Il faut dire que pratiquement depuis ce coup manqué, lorsqu'il y a la moindre alerte qui fait sursauter l'enfant terrible de Mvomeka, l'index est vite pointé sur Guerandi et, de facto, le Burkina.

Une certitude : ces événements de Bakassi tombent mal pour Biya, qui n'avait vraiment pas besoin de cela comme cadeau d'anniversaire. On peut trouver mieux pour fêter un quart de siècle au pouvoir. Et malgré les remaniements ministériels réglés presque chaque année comme un jeu de chaises musicales, la "démocratie apaisée" du Cameroun a mal en plusieurs endroits.

Ses maux ont pour noms : pilotage à vue et élections de pacotille.
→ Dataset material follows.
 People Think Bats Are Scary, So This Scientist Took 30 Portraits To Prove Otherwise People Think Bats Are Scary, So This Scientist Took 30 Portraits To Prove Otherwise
Le Cameroun est l'un des rares pays où le président peut s'absenter des mois du pays pour des farnientes à Paris ou à Genève, c'est le pays où il n'y a pratiquement pas de Conseil des ministres.

Quant aux présidentielles en trompe-l'œil, elles font également partie du décorum du système Biya : en 1992, la population a eu beau voter massivement pour le Chairman, populaire à l'époque, c'est Paul Biya qui a été déclaré vainqueur ; idem en 1997, scrutin où les partis d'opposition ont opéré un boycott réussi dans les 3/4 du pays : <<Ces partis ont gagné "le pari" en démontrant leur représentativité, mais ils ont perdu sur le fond : Biya a été réélu>>.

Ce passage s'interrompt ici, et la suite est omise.